1. Premises Society (commercial) legally CANNOT collect more than 25000/- as share transfer premium. This is applicable for Housing and Premises (commercial) Society also.
2. Serve Legal Notice to Society to refund the illegally extorted fees and on failure file written grievance application to the Deputy Registrar of Coop., or can also file grievance petition before the local Consumer Court and claim damages & compensation for the physical & mental trauma as well as illegal trade practices by society.
25000 was the maximum amount a society can take as transfer charges.

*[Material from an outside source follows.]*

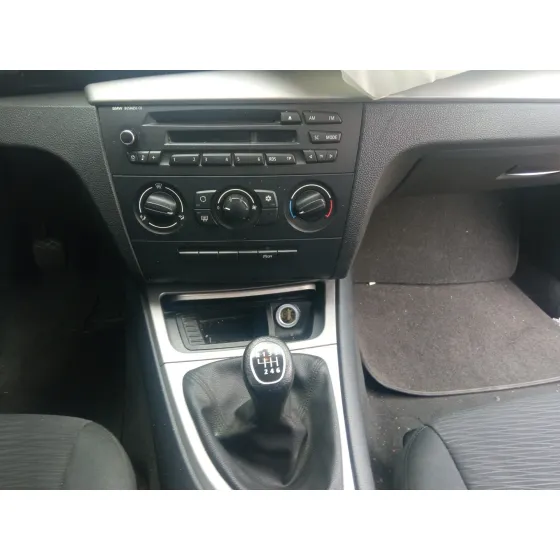BMW SERIE 1 BERLINA (E81/E87) '2009 2.0 16V DIESEL CAT AZUL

You can file a complaint before the Registrar against the society for the same.
Each time, a cooperative housing society member wants to sell his property anywhere in Mumbai, he is bullied into paying up way beyond the officially ‘legal’ transfer fee of a maximum of Rs 25,000. The excess he pays ranges from Rs 5,000, in case of small societies to as high as a few lakhs of rupees, depending on the size, status and level of moral accountability of the society in question.
While it may be realised that by law, no member needs a no-objection certificate for the sale of one’s own property in a cooperative housing society, there’s a bit of a glitch here. A potential buyer, intending to ‘purchase’ a flat in a society, usually pays the amount through a loan, approved from a financial institution which, almost mandatorily, insists upon a no-objection certificate from the cooperative housing society, housing the property. If the outgoing member refuses to pay up the excess, in cash or in the form of a ‘voluntary donation to the society’, as is usually the case, the managing committee will delay, procrastinate, sometimes out-rightly refuse to give the new member the required no-objection certificate, in order to avail the loan on the property. In the absence of a clear intention to provide a no-objection certificate, no buyer would be keen on ‘buying’ a property, however clean its title.

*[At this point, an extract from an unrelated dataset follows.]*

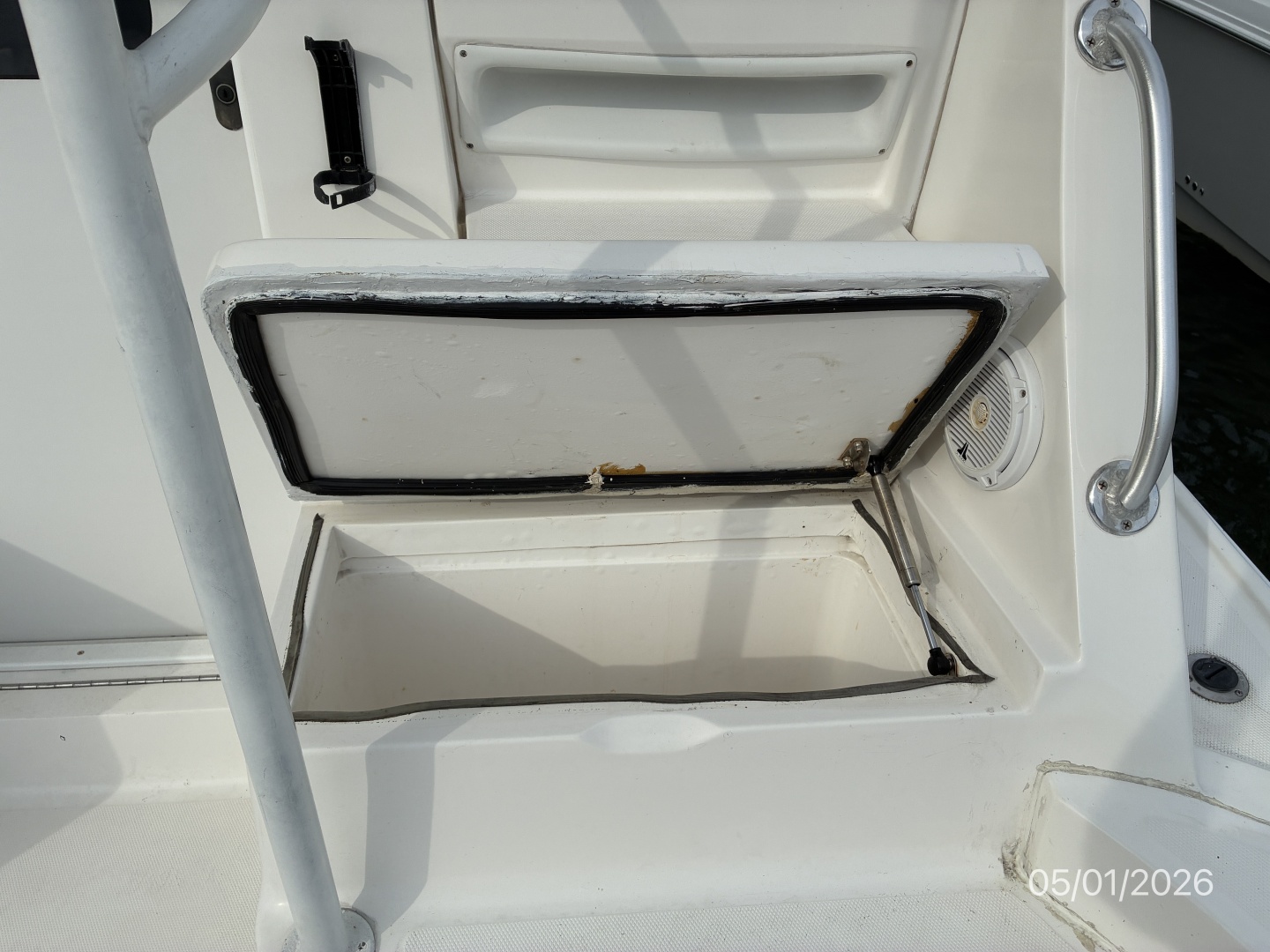 Luhrs-Convertible 2005-You Two New Smyrna Beach-Florida-United States-34 Luhrs Cockpit-6086229 | Thumbnail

The Co-operative Court has held that the housing society can place ‘reasonable restrictions’ on the transfer of a flat, to prevent nuisance from the unwanted elements but that does not mean that the society can have such a right of profiteering out of the co-operative movement. However in practice, the complete reverse holds true. The law clearly puts down that even though, there is no necessity of the society’s no-objection certificate for the transfer of a flat, according to Rule 24 of the Rule 1961; one has to give a 15-day notice to the society before transferring the flat. On receipt of such a notice, the secretary should place the same before the meeting of the committee and take the decision thereof, before 30 days and inform such a decision to the member within eight days from the decision of the society.

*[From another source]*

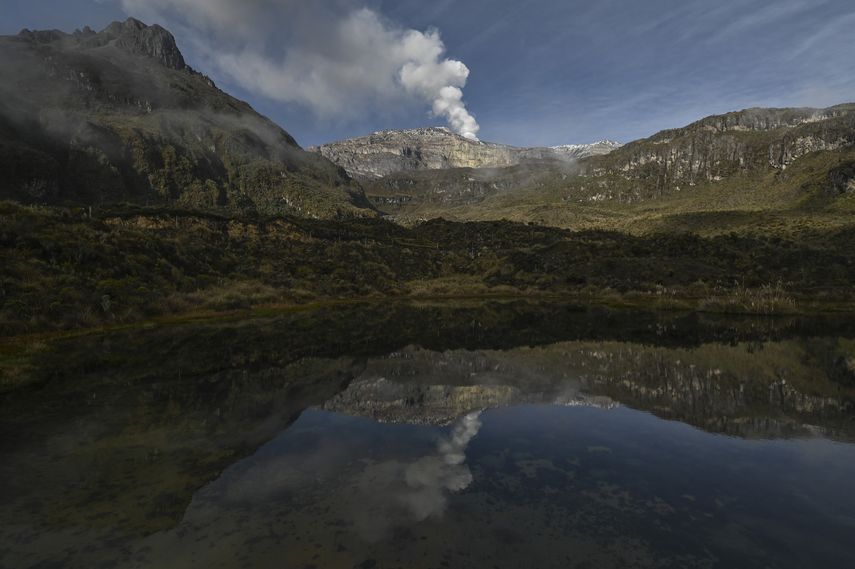 Autoridades en Colombia recomendaron este sábado la evacuación de los poblados más cercanos al volcán Nevado del Ruiz, en el oeste del país, cuya actividad sísmica podría desencadenar en una erupción.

f the society has not taken any decision of transferring the share certificate within the three months, the stipulated period, as per the provision in Section 22(2), there is a provision to appeal before the Registrar, under Section 23(2)
Approach the police and file an FIR against the secretary of the society and the managing committee member under Section 418 which pertains to: Cheating with the knowledge that wrongful loss may ensue to person whose interest offender is bound to protect. Accordingly: Whoever cheats with the knowledge that he is likely, thereby, to cause wrongful loss to a person whose interest in the transaction to which the cheating relates, he was bound, either by law or by a legal contract, to protect, shall be punished with imprisonment of either description for a term which may extend to three years or with fine or with both.
Once you file an FIR, move a no-confidence motion against the society’s managing committee or the member (secretary, if necessary), in question. Evict the person from the position of authority on the premise that a person can’t be a judge and an accused in the same case.
Approach the Consumer Court and file a suit for dereliction of services by the cooperative society’s managing committee. Demand redress for loss suffered by way of time and money. The cooperative housing society is bound to provide you ‘service’ under the Consumer Act.
The model bylaws, under Bylaw 7, clearly ensure that the society can raise funds from voluntary donations collected but ‘not by transferor or transferee’. For every request of ‘voluntary donation’ made by a cooperative housing society, you could approach the Registrar with a written complaint detailing Bylaw 7 of the New Model bylaws.
Escalate the matter to a Cooperative Court or Civil Court, detailing illegalities under the Maharashtra Cooperative Housing Societies Act for collection of the ‘voluntary donations’ without following due process of law.